German MFA summons Russian ambassador over national security threat
The Russian ambassador to Germany was summoned to the German Foreign Ministry over a large-scale cyberattack and a disinformation campaign during the federal election campaign, which German authorities say were carried out by Russian intelligence services.
Foreign Ministry spokesperson Martin Giese stated this at a briefing on Friday, Ukrinform reports.
According to him, an analysis by German intelligence allowed them to prove Moscow's responsibility for specific instances of espionage and cyberattacks, including attempted sabotage.
He said that two methods of national attribution made it possible to trace responsibility. The German side could now clearly attribute the cyberattack on the German air traffic control service in August 2024 to the hacker collective APT 28, also known as Fancy Bear, and intelligence data showed that Russia's military intelligence service, the GRU, was responsible for this attack. He also stated that Russia, through the Storm 15 campaign, had attempted to influence and destabilize Germany's internal affairs, particularly the recent federal elections.
Giese noted that there was credible information indicating that the Moscow analytical center Center for Geopolitical Expertise and the organization Two-Headed Eagle Movement were behind this campaign, and that they were supported by the GRU.
He explained that the analysis showed how various platforms were spreading artificially generated content such as supposed investigative materials, deepfake videos, pseudo-journalistic websites, and fabricated testimonies.
He stressed that the goal of these Russian cyberattacks and disinformation efforts was to divide society, sow distrust, provoke rejection, and weaken trust in democratic institutions, and that this manipulation was part of a broader pattern of Russian actions aimed at undermining confidence in Germany's democratic institutions and processes. He emphasized that Russia posed a real threat to Germany's security not only through its aggressive war against Ukraine, but also through such activities inside Germany.
For this reason, Giese stated, the Russian ambassador had been summoned and was clearly informed that Germany was closely monitoring Russia's actions and would counter them.
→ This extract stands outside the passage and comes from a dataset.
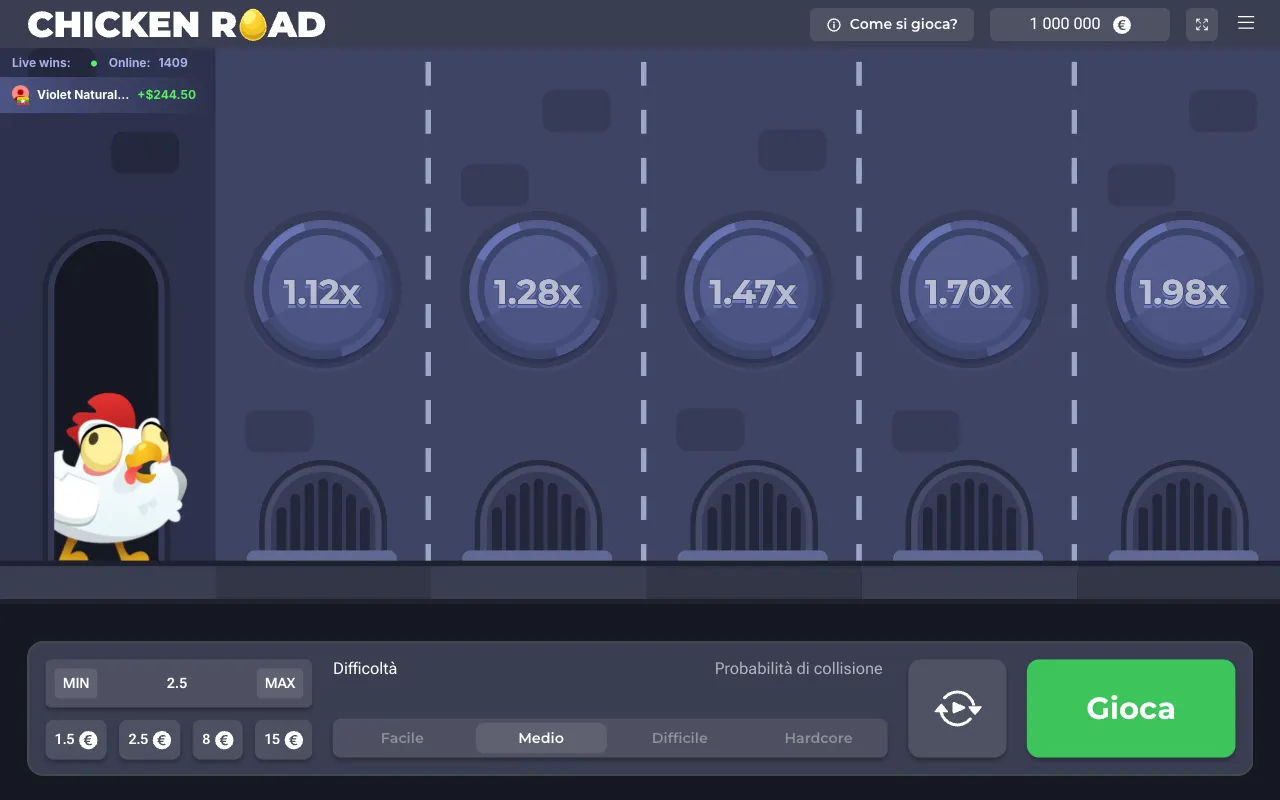 Demo ufficiale di Chicken Road con il saldo virtuale di 1.000.000 in alto a destra e il riquadro Live wins in alto a sinistra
He added that Germany was fully confident in its findings and that the Russian ambassador had certainly understood them without needing lengthy evidence, as the German side could prove its claims with solid, indisputable facts.
Giese assured that Russia's unacceptable actions would have consequences. He said that, in close coordination with European partners, Germany was taking a number of countermeasures aimed at stopping Russia's hybrid activity, and that new individual sanctions at the European level were being supported, including travel bans, asset freezes, and bans on providing economic resources.
He clarified that starting in January 2026, Germany and its EU partners would monitor cross-border movements of Russian diplomats within the Schengen area.
Giese said that the goal was to ensure better information-sharing and reduce intelligence risks. He also mentioned that additional bilateral restrictions would be imposed on Russian diplomatic personnel.
The Interior Ministry confirmed that investigations had been conducted into both incidents. It explained that since June 2024, the Central Office for the Detection of Foreign Information Manipulation (ZEAM) had been operating within the ministry alongside other agencies to ensure early detection of foreign influence and manipulation campaigns, analyze their methods, distribution channels, and mechanisms of influence online and on social media. It was also reported that a new central platform was planned for interagency coordination in countering hybrid threats and forming a unified situational overview.
As reported earlier, in September 2024 the German Air Navigation Service had announced it had been the victim of a hacking attack, which occurred at the end of August, a week before being made public. During the federal election campaign, the Storm 15 campaign had spread videos containing blatant falsehoods across numerous fake websites, primarily targeting the CDU/CSU and the Greens. A few days before the February federal elections, several fake videos had appeared online alleging that postal voting documents had been forged.
IT experts at Microsoft assessed Storm 15 as a state-controlled Russian campaign, and they believed that the group had attempted to influence the 2024 US presidential election in favor of Donald Trump by spreading fabricated stories targeting the Democratic Party.